Solve for a,b,c,d Solve \frac{f(-1)+f(1)}{2}=f(0) for a, b, c, d

[Bushy]

For a cubic function $$y=f(x)$$ three points A, B and C lie on a straight line with respective coordinates (-p,f(p)),(0,f(0)) and (p,f(p)) where p is a non zero constant.

a. Show that $$\frac{f(-p)+f(p)}{2} =f(0)$$

I tried

$$\frac{f(-p)+f(p)}{2} =\frac{0}{2} = 0 = f(0)$$

That doesn't seem right

b. Let p =1 and [math]f(x) = ax^3+bx^2+cx+d [/math]

i.

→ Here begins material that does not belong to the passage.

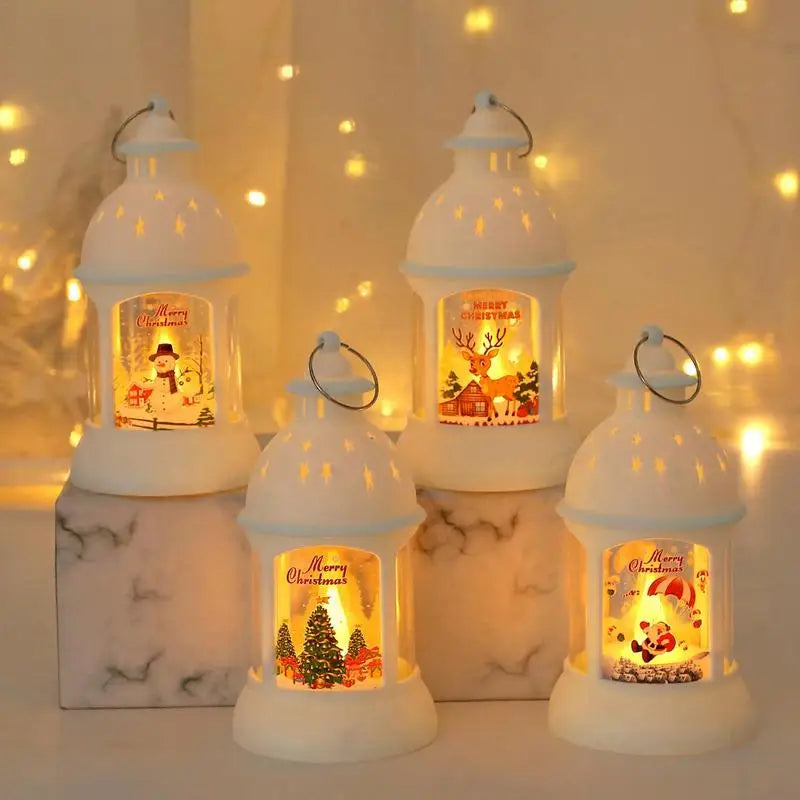 FestiveLantern – Zauberhafte LED-Laternen für die Weihnachtsdekoration 3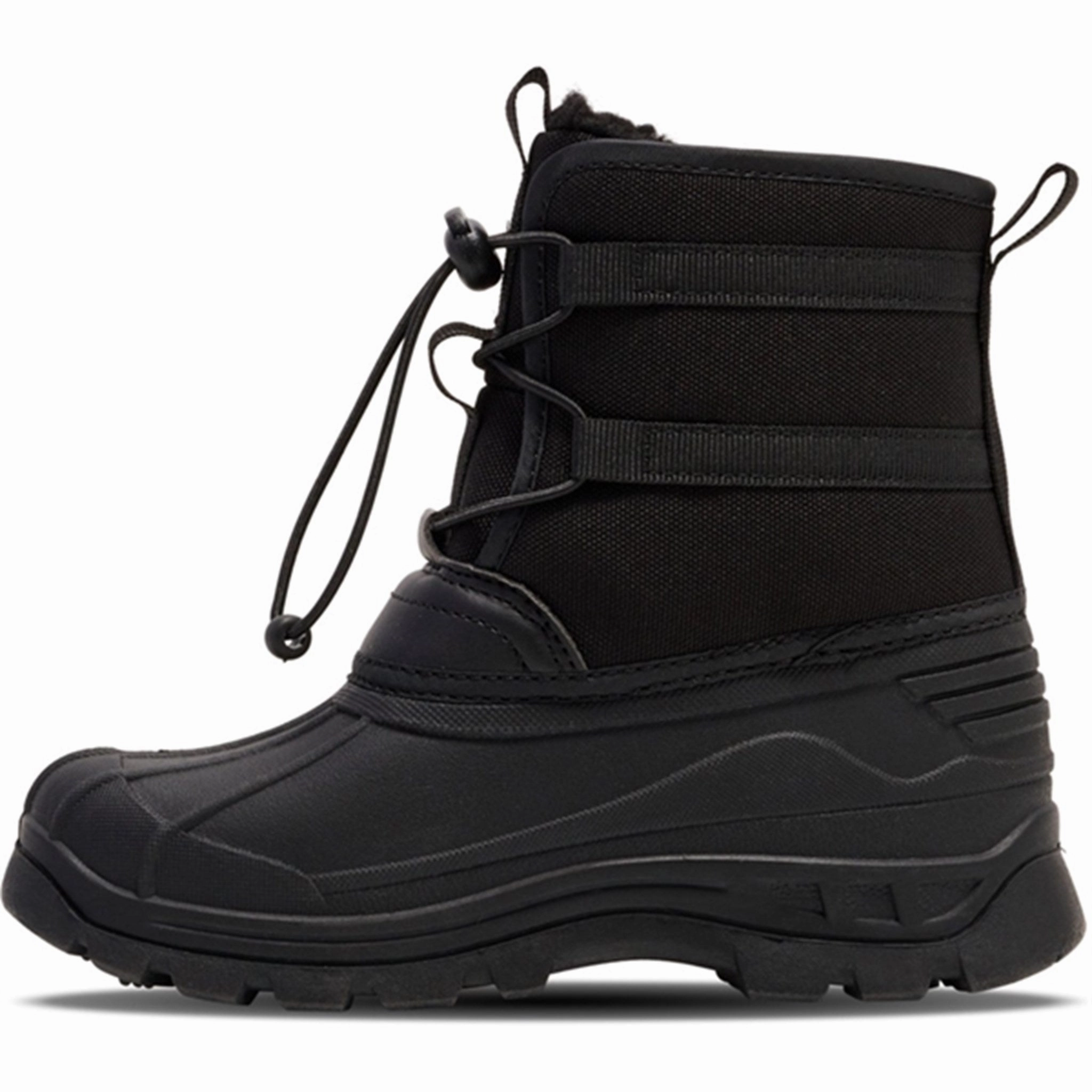 Hummel Icicle Low Jr Winter Boots Black Essential Gear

Show that b=0

ii. hence [math]\frac{f(-x)+f(x)}{2}=f(0)[/math]

 

[MarkFL]

I think you meant to give the coordinates of $A,\,B,\,C$ as $(-p,f(-p)),\,(0,f(0)),\,(p,f(p))$. If the 3 points are collinear, then we can write:

$$f(\pm p)=f(0)\pm k$$

Let's let:

$$f(x)=ax^3+bx^2+cx+d$$

So, we find that:

$$f(0)=d$$

And then we must have:

$$ap^3+bp^2+cp=k$$

$$-ap^3+bp^2-cp=-k$$

Adding these two equations, we find:

$$b=0$$

And so:

$$f(x)=ax^3+cx+d$$

Then we find:

$$\frac{f(-x)+f(x)}{2}=d=f(0)$$